*** Block opens ***
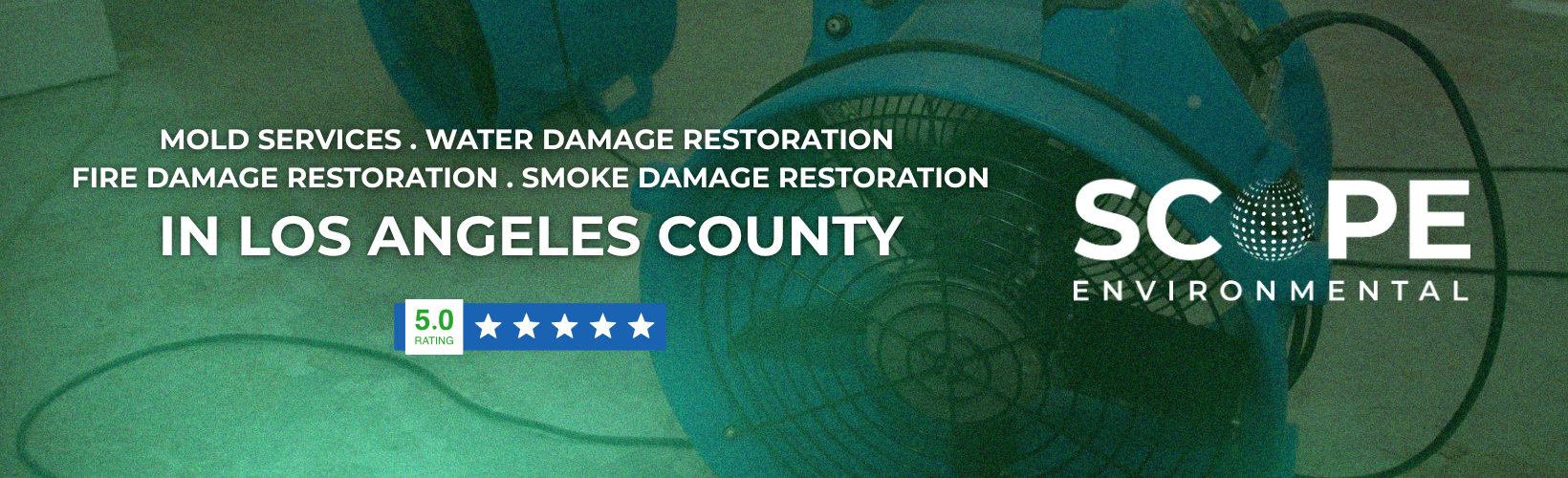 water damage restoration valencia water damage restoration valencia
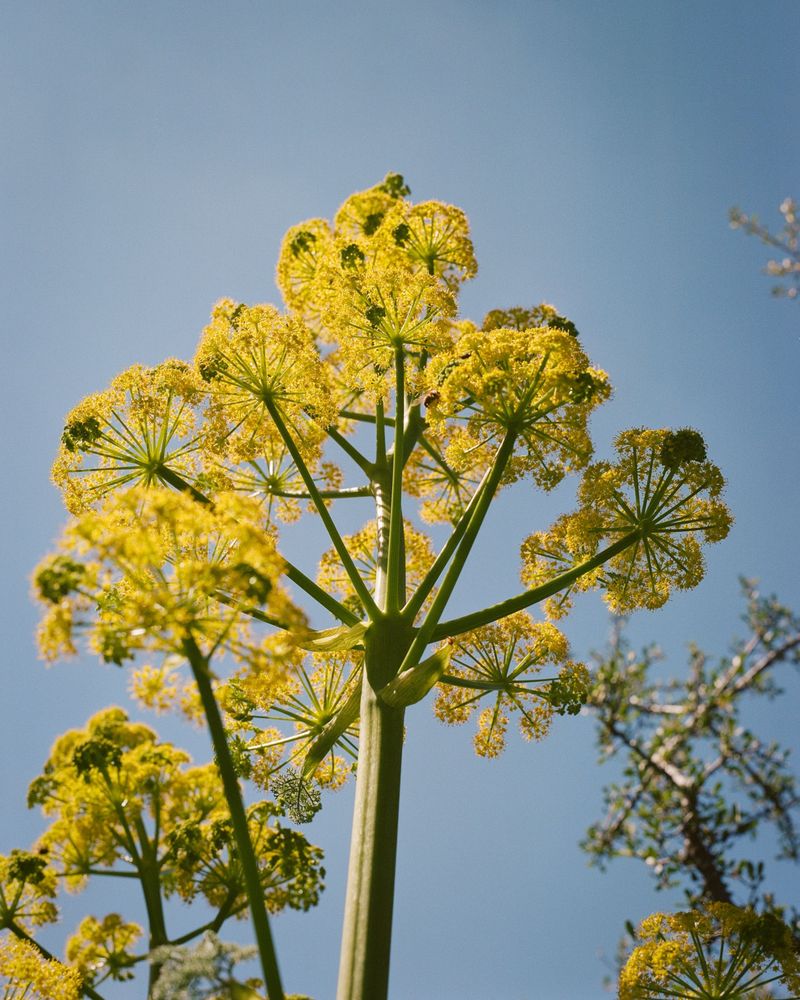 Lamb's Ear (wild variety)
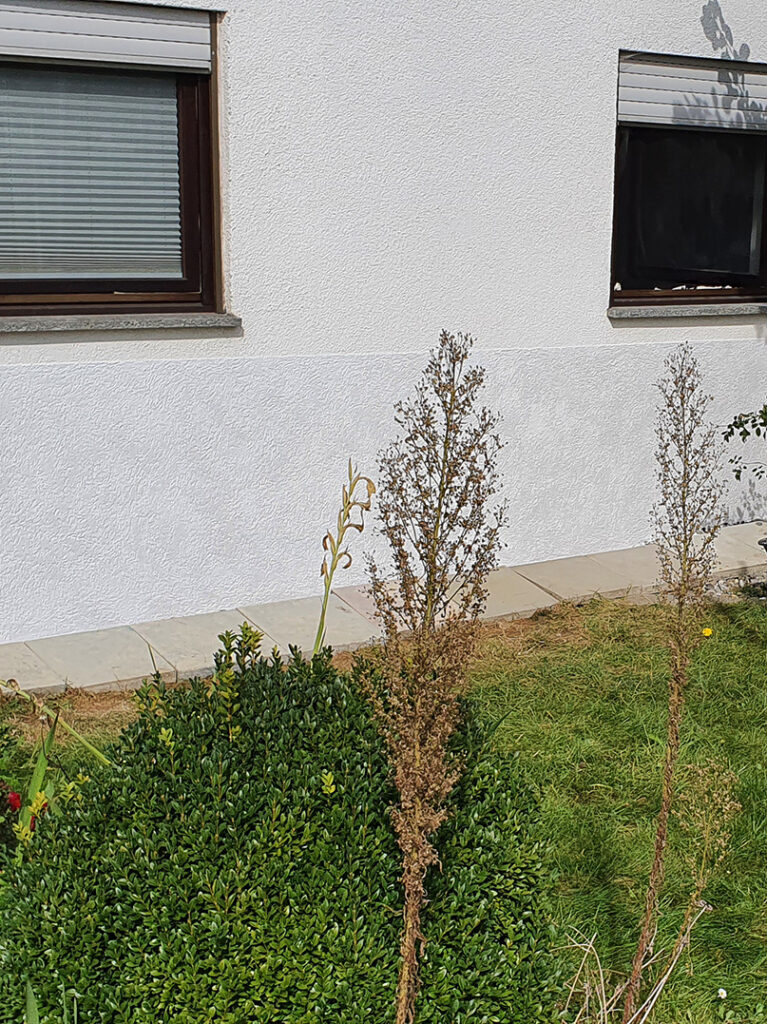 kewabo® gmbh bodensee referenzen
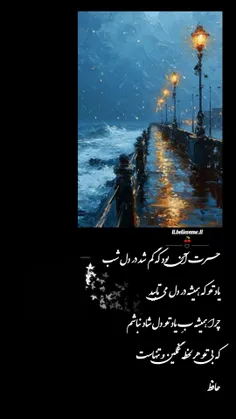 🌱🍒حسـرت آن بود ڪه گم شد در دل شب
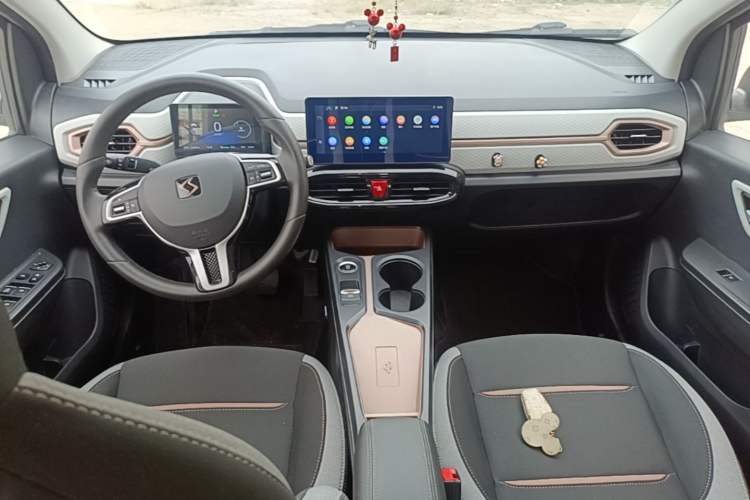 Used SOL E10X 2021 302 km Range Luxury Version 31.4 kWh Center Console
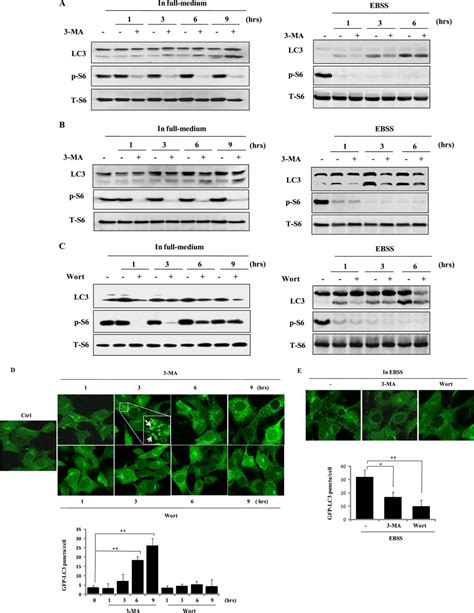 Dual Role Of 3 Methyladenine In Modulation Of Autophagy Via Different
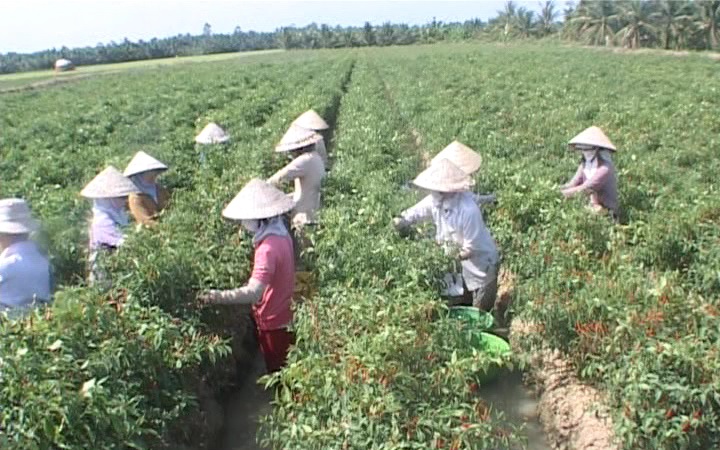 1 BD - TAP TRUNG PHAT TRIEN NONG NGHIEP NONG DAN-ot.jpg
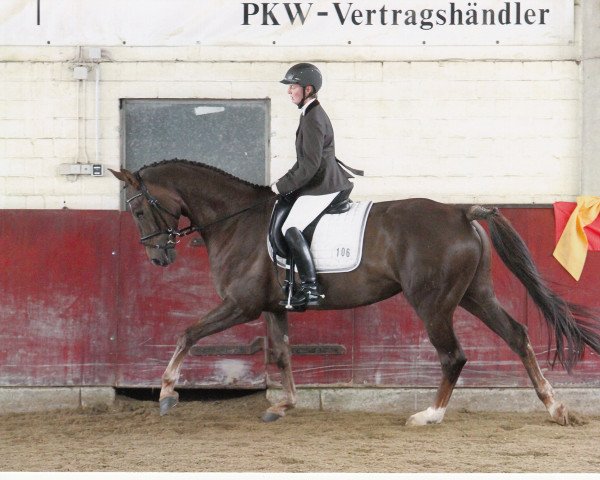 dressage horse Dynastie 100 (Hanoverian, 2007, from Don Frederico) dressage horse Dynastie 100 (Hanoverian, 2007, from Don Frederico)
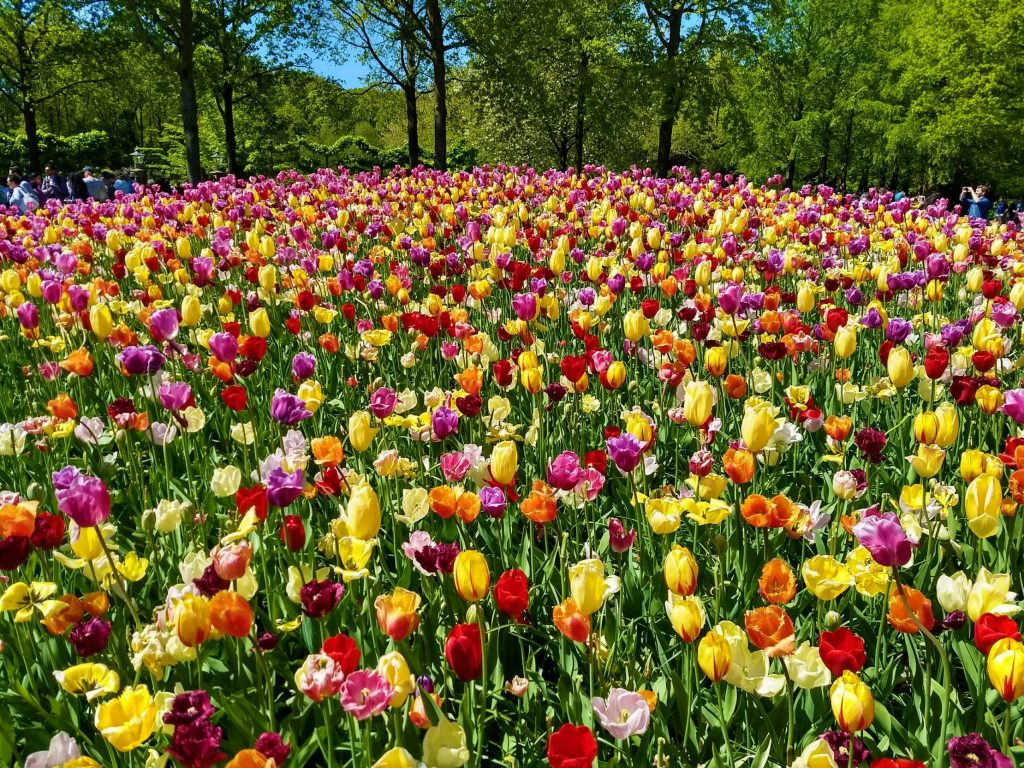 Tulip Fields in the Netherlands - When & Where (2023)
*** Block closes ***
* Required action: All lines from the one containing "Lamb's Ear (wild variety)" through the end of the entries, both ends included, should be written out exactly, with no pictures.

* Response to the task:
 Lamb's Ear (wild variety)
 kewabo® gmbh bodensee referenzen
 🌱🍒حسـرت آن بود ڪه گم شد در دل شب
 Used SOL E10X 2021 302 km Range Luxury Version 31.4 kWh Center Console
 Dual Role Of 3 Methyladenine In Modulation Of Autophagy Via Different
 1 BD - TAP TRUNG PHAT TRIEN NONG NGHIEP NONG DAN-ot.jpg
 dressage horse Dynastie 100 (Hanoverian, 2007, from Don Frederico) dressage horse Dynastie 100 (Hanoverian, 2007, from Don Frederico)
 Tulip Fields in the Netherlands - When & Where (2023)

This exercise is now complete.